It was about four hours from the time of my arrest to my release; I was one of the first in and first out. We were cuffed and patted down and transported on air-conditioned buses (men on one side, women on the other) to a warehouse across town to be re-cuffed and patted down again, seated in rows of folding chairs (men on one side, women on the other), and charged with “loitering, obstructing and incommoding.”
We were, all in all, a jolly group, considering the circumstances, although it was tiresome being handcuffed, and the second set of cuffs was tight. While several of us on the women’s side of the bus had slipped our wrists out of the first set of heavy plastic zip ties, there was no doing that at the warehouse.
But there, at least, I had the good fortune to be seated behind Sister Pat Murphy, a Sister of Mercy who, at 90 years old, is a veteran protester and was no stranger to our present circumstances. Another sister was celebrating her birthday that day, and a third told me stories of being arrested years ago alongside the Berrigan brothers. I was in good company.
Eventually, after paying the $50 fine, I was released and sent back outside into the heat, to make my way home. First, though, and disconcertingly, I received a hero’s welcome from the support team camped on lawn chairs in the shade on the next block. Then, fortified with a handful of tangerines and power bars, I walked to the metro with another protester, chatting about the day’s events. It was another mile home from the station, threading my way on foot through rush hour traffic and thinking about a cold shower and a change of clothes.
And then I remembered the women at Annunciation House in El Paso, the ones we’d met in April on a Mercy delegation to the border. We were sorting piles of donated jeans in the basement, helping migrants find a clean change of clothes after their long journeys from there to here. They were allowed one of everything, but I defy you to deny a young migrant mother a second pair of ankle socks when she asks you—without words, because you don’t speak the same language—to bend that rule for her.
And then I imagined spending more than a month in the dirty, sweaty clothes I was wearing—no bathing, no brushing teeth, no privacy and separated from your children. Wandering 40 days in the desert. Told to “go back where you came from” when where you came from is too dangerous to stay, largely because U.S. policies made it that way. I chose a few hours of inconvenience but many migrants have no such choice.

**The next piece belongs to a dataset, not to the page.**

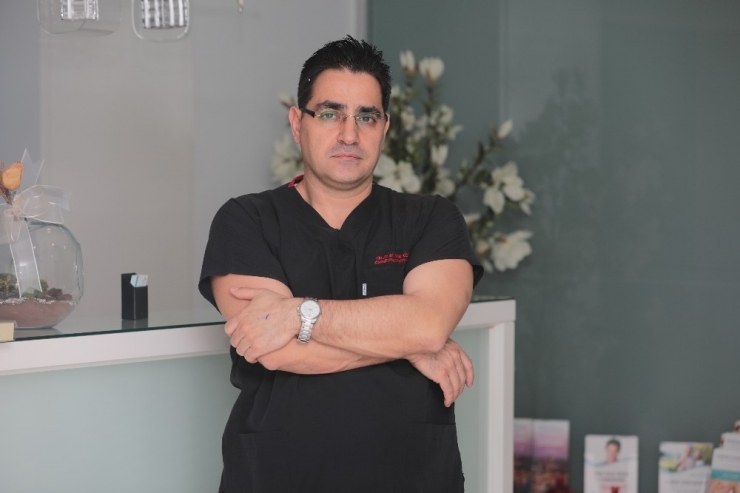 ’’Yüz Bölgesini Yaşlı Gösteren Kıvrımlar Botulinum Toksin İle Yok Edilebilir’’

Which brings me to today, not quite 40 days later. How many showers, how many changes of clothes, how many iced coffees and avocadoes and two-for-the-price-of-one quarts of summer strawberries later? How many of the children who were in detention on July 18 remain there still, separated from their parents? How much worse will it—could it—get when just this week, the administration shredded the protections of the Flores agreement and granted itself the right to detain migrant families indefinitely?
Later the night of our arrests, at a reflection dinner for protestors, Sister Pat, who traveled from Chicago, said she couldn’t not be in Washington for the Day of Action. She also told me I looked tired, which made me laugh at a moment when tears seemed the only sane response to an insane situation. But then I remembered that the migrants I met in El Paso weren’t crying, they were getting ready for the next leg of their journeys, and the next. And it was for them that we had spent the day hot and uncomfortable and inconvenienced. It felt like the very least we could do, to accompany them in spirit and, when possible, in body, until the world stops spinning off its axis and rights itself, no matter how many days in the desert that takes.